• **PROVIDED DATA**:
....
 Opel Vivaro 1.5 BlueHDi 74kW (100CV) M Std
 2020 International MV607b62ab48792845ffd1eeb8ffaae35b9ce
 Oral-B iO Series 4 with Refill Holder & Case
....
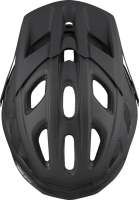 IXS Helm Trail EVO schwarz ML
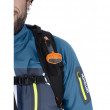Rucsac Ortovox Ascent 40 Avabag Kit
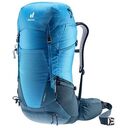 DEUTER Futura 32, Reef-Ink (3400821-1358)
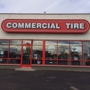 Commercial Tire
....
• **EXERCISE PROMPT**: Using the entries above, transcribe exactly from the line that has "IXS Helm Trail EVO schwarz ML" through the line that has "Commercial Tire". Pictures are dropped.

• **OUTPUT OF THE EXERCISE**:
 IXS Helm Trail EVO schwarz ML
Rucsac Ortovox Ascent 40 Avabag Kit
 DEUTER Futura 32, Reef-Ink (3400821-1358)
 Commercial Tire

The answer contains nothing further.